Michigan Supreme Court rules local laws can’t ban medical marijuana
Marijuana plants grow at Perennial Holistic Wellness Center, a not-for-profit medical marijuana dispensary in operation since 2006, on Sept. 7, 2012, in Los Angeles, Calif. / David McNew/Getty Images
The Michigan Supreme Court ruled Thursday that local officials in Michigan may not ban the use of medical marijuana within their boundaries — a unanimous landmark ruling expected to overturn local ordinances in Livonia, Birmingham, Bloomfield Hills and Lyon Township.
The outcome was hailed by marijuana activists, because if it had gone the other way, there was a chance that the decision would have barred all Michiganders from using marijuana for health purposes. And numerous communities were said to be watching the outcome before considering passage of their own local ordinances.
“This is fabulous news, but it’s actually no surprise,” said Detroiter Tim Beck, 61, who for years has pushed to relax marijuana laws and has helped organize local ballot proposals in Detroit and Ferndale.
■ Topic: Read more about medical marijuana
An earlier Michigan Court of Appeals ruling strongly affirmed the right of retired attorney John Ter Beek, a resident of the Grand Rapids suburb of Wyoming, to use medical cannabis. But supporters nonetheless were relieved by the new ruling, Beck said.
Livonia Mayor Jack Kirksey said he was disappointed by the ruling.
“As a parent, as a grandparent and now a great-grandparent, in terms of how marijuana can affect young people, I think this is a regrettable step backward,” Kirksey said Thursday night.
A handful of Michigan communities have passed bans on medical marijuana that carried serious criminal penalties, including jail time, according to the ACLU of Michigan, which sued to overturn ordinances in Livonia, Birmingham and Bloomfield Hills. Most such ordinances did not mention medical marijuana but instead merely said that any activity illegal under federal law was also illegal in their community — a clear swipe at medical marijuana, ACLU lawyers said.
“Needless to say, we are thrilled” by the ruling, ACLU of Michigan spokeswoman Rana Elmir said.
Those joining forces in the lawsuit to block medical cannabis included the public corporation law section of the State Bar of Michigan and the Prosecuting Attorneys Association of Michigan, both of which argued for nullifying the entire state act allowing medical marijuana — passed into law in 2008 by 63% of Michigan voters.
Opposing groups included organizations with widely diverging political trappings — the arch-liberal American Civil Liberties Union of Michigan and the arch-conservative Cato Institute in Washington, D.C.
In Wyoming, a city of about 73,000 residents, Ter Beek sued in 2010 to overturn a medical cannabis ban.

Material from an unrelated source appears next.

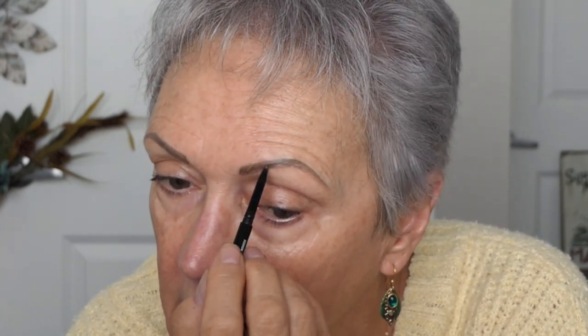The spoolie end doesn't get color on it — just follow the yellow brick road. And remember, brows are not twins, they're sisters. I just add a little bit to shape them. The brows take the longest, I swear. That's all I wanted to do there.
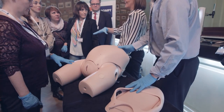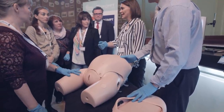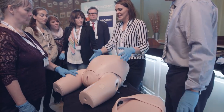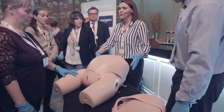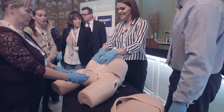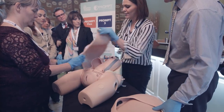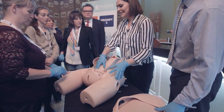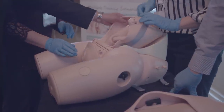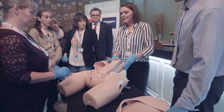This workshop is about use of the Prompt Flex mannequin for demonstrating and learning deeply impacted fetal head during cesarean section. The mannequin is your standard Prompt Flex mannequin but with additional modules — it has the cesarean section skin with a preformed incision, and underneath you have the baby deep and low in the pelvis simulating impacted fetal head. This strap is used to push the baby even lower and tighten it up.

Ter Beek is a state-registered user who has diabetes and a painful neurological disorder, according to the lawsuit.
He lost in a local court, won 3-0 in the Michigan Court of Appeals, and, in April, the Michigan Supreme Court granted the City of Wyoming’s request to appeal.
Wyoming’s ban was matched by an almost identical ordinance in Livonia, which filed a brief siding with Wyoming in the appeal. Ter Beek, who could not be reached Thursday for comment, said in 2012 that he sued because he feared he would be arrested if he grew or used medical marijuana.
“I’ve tried narcotic-based drugs like Vicodin and OxyContin, and nothing worked like medical marijuana,” Ter Beek told the Free Press in a 2012 statement. “I just couldn’t sit by as our elected officials try to ignore the will of the people and take this option from me and thousands of others.”
The Court of Appeals ruling declared Wyoming’s ordinance to be pre-empted by Michigan’s medical marijuana act. It also said that local governments could not use federal drug laws as grounds for ignoring the state act.
In Thursday’s ruling, written by Justice Bridget Mary McCormack, the Supreme Court held that it was not impossible to comply with both federal drug laws and Michigan’s medical marijuana act, as the City of Wyoming contended. Last year, federal authorities made it plain that they will not block states from easing laws on marijuana for recreational and medical use.
Furthermore, the state’s high court held that the city’s ordinance directly conflicts with the state medical marijuana act, creating a violation of the way in which Michigan’s Constitution separates powers of the state and its municipalities.
In support of the losing arguments, a brief filed by the State Bar of Michigan’s public corporation law section argued, in bold-face type, that Michigan’s medical marijuana act should be voided “in its entirety.”
Also arguing in support of local bans on medical marijuana was the Michigan Municipal League, the Lansing-based lobby group for 524 cities, villages and townships across the state, which is funded by taxpayers of Michigan’s communities. The organization’s brief said that Michigan communities should be free “to zone and regulate their own unique land use activities” in ways that ban medical marijuana.